The Rise of 3D Scanning in Stone Restoration Projects


Last year I was brought in to help restore a set of sandstone carvings on a heritage-listed building in inner Melbourne. The original carved elements, ornate capitals and decorative panels dating from the 1880s, had weathered badly. Large sections of detail were gone, dissolved by a century of acid rain and pollution.

Twenty years ago, restoring these pieces would have meant a skilled carver studying old photographs, making educated guesses about lost detail, and carving replacements freehand. The results depended entirely on the individual carver’s ability to interpret flat images into three-dimensional form. Good carvers produced good results, but there was always an element of interpretation.

This project was different. We started with a 3D scan.

How the Technology Works

Structured light scanners and photogrammetry rigs capture the three-dimensional geometry of a stone surface with extraordinary precision. The scanner projects a pattern of light onto the stone and cameras record how that pattern deforms across the surface. Software stitches these captures together into a detailed 3D model, accurate to fractions of a millimetre.

For heritage work, this means you can capture every remaining detail of a weathered carving before touching it. The digital model becomes a permanent record of the stone’s condition at a specific moment in time. That alone is valuable. But the real power comes from what you can do with the model afterwards.

From Scan to Restoration

With a detailed 3D model on screen, you can digitally reconstruct missing sections. If a decorative panel has surviving elements on one side but not the other, and the design was originally symmetrical, you can mirror the surviving geometry to fill in the gaps. If similar carvings exist on other buildings from the same period and architect, those can be scanned and used as references.

The reconstructed digital model then guides the physical carving. Some workshops use CNC milling machines to rough out replacement blocks from the digital file, with hand finishing by a trained carver. Others use the model purely as a visual reference, projecting it onto screens in the workshop while carving traditionally. Both approaches have merit.

For the Melbourne project, we used the scans to produce detailed technical drawings and 3D-printed reference models at half scale. The carvers worked from these references alongside the original stones, achieving a level of accuracy that would have been extremely difficult from photographs alone.

Applications Beyond Restoration

Heritage restoration was the obvious early use case, but 3D scanning is finding applications across the stone carving field.

Documentation and insurance. A full 3D scan of a finished sculpture provides a complete record for insurance purposes and for posterity. If a work is damaged or destroyed, the scan preserves every detail of the original.

Scaling and reproduction. A small maquette can be scanned and scaled up digitally, then used to guide carving at monumental scale. This is not new in principle. Sculptors have used pointing machines to scale up maquettes for centuries. But digital scaling is faster, more accurate, and preserves surface detail that mechanical pointing cannot capture.

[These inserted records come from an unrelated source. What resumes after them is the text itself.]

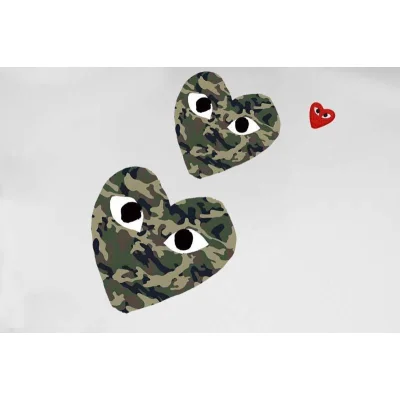 Футболка Comme des Garçons Play Camouflage Hearts Eyes "White" фото № 4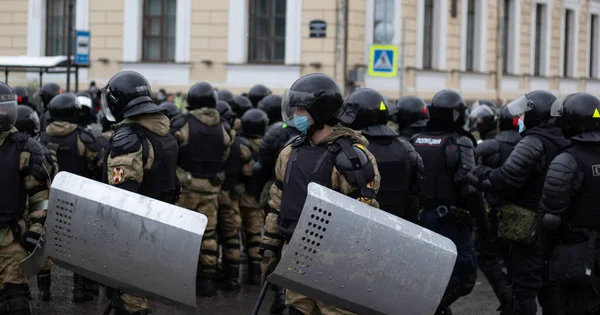 Saint Pétersbourg Russie Janvier 2021 Police Armée Escouade Militaire Dans — Photo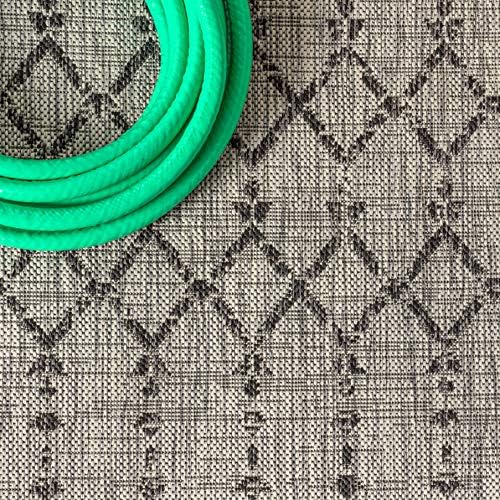 JONATHAN Y Moroccan Geometric Indoor Outdoor Square Area Rug 6X6 Light Gray/Black, Ourika Textured Weave for Backyard, Patio, Porch, Easy-Cleaning, High Traffic Pet-Friendly, Non-Shedding SMB108E-6SQ - Image 3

Collaboration. A 3D model can be shared instantly with collaborators, clients, or engineers anywhere in the world. When I am working with an AI consultancy or an engineering firm on the structural aspects of a large installation, being able to share accurate 3D geometry rather than flat drawings makes the conversation immensely more productive.

Geological analysis. Scanning quarry faces and raw blocks can reveal bedding planes, fossil inclusions, and structural weaknesses before cutting begins. This reduces waste and helps carvers plan their approach to a block with more information than a visual inspection alone provides.

The Equipment

Professional structured light scanners suitable for stone scanning range from around five thousand dollars for handheld units to well over fifty thousand for high-precision stationary systems. For most sculptors, photogrammetry using a good DSLR camera and processing software like Meshroom or Agisoft Metashape is a more accessible entry point. The results are less precise than dedicated scanners but adequate for many applications.

What Scanning Cannot Do

It is worth being honest about the limitations. A 3D scan captures geometry, not material character. It tells you nothing about the stone’s hardness, its internal structure, how it will respond to the chisel, or how it will weather over the next century. These are things that only experience with the material can teach.

There is also a risk of false precision. A scan can give you a model accurate to 0.1 millimetres, but if the original carving was done with a point chisel and a sense of rhythm, reproducing it to that level of accuracy misses the point entirely. The best restoration carvers understand that the goal is not mechanical reproduction but sympathetic interpretation, capturing the spirit and technique of the original work.

The Future

The cost of scanning equipment continues to fall. Within a few years, I expect that 3D scanning will be a standard part of any stone conservation project, and increasingly common in sculptors’ studios.

For those of us who work with stone, these tools do not replace skill. They augment it. A 3D scan in the hands of a carver who understands stone is powerful. The same scan in the hands of someone who cannot read the material is just data. The craft remains the foundation.